The third reason that I believe this will happen soon is because of the easy networking that exists nowadays. Nearly everyone, and certainly people that use the Internet on a daily basis, have Facebook. Facebook allows people to connect like never before. The connection to a community is now easier than ever before. Specifically, connection to a filmmaking community. Besides finding pages for local filmmaking groups, companies, and studios, Facebook Groups are also incredibly useful. No matter what city you live in, I can almost guarantee that there is a Facebook Group for “[Your City] Filmmaking.” You don’t have to go to meetings, you don’t have to know someone who knows someone, you just have to be in the group, and message someone to see if they’re willing to help you out. And at least some of them will.
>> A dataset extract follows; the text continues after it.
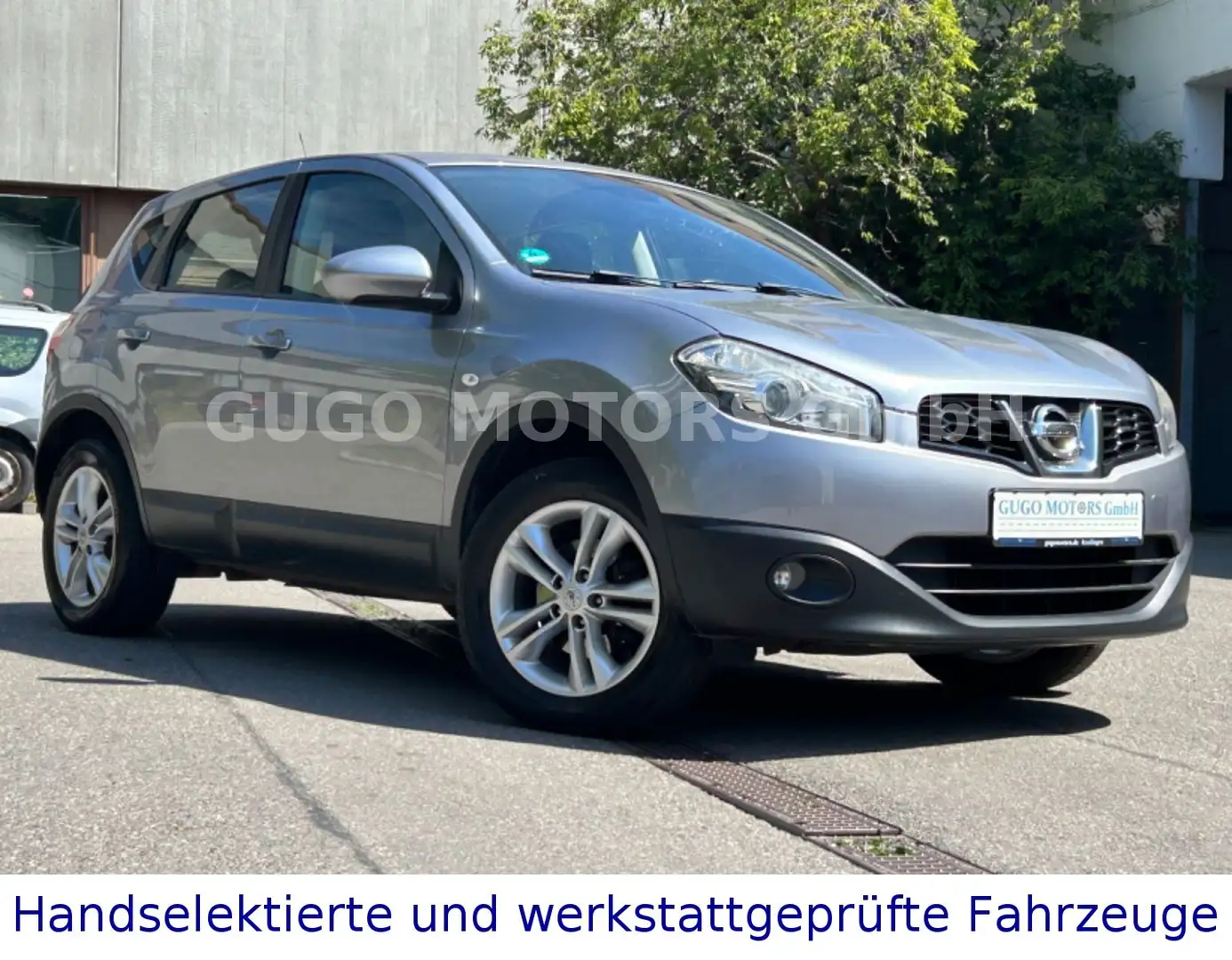 Nissan Qashqai 2.0 / R-Kamera / 1. Hand - 1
You can meet people, know people, and talk to people about your projects, and being involved in your projects, now, easier, and faster, than ever. There’s no reason you couldn’t be doing it right now.
My fourth, and final reason that I feel this Indie Renaissance is coming is the most important. Filmmaking, and arguably all art, is a storytelling medium. By extension, all filmmakers are storytellers. Every storyteller, either consciously, or subconsciously, is constantly influenced by the world around them. A lot of prominent filmmakers have stated that the main reason they wanted to make films is because no one was telling the kinds of stories they want to tell. Often when I talk to older people about social media, and the Internet, they say something along the lines of “It just makes the world smaller.” No, it doesn’t. You can visit places you’d never go with Google Images, listen to music you never would have heard naturally in your environment. You can be inspired so much more easily now than ever before. The more inspired you are, the more stories you want to tell. And inspiration is around ever corner on the Internet.
Prepare yourselves. You could be Michaelangelo, or Rembrandt, or hell, you could even be Leonardo. With the right mindset, and the right tools - which are clearly here already - you could make some unforgettable art.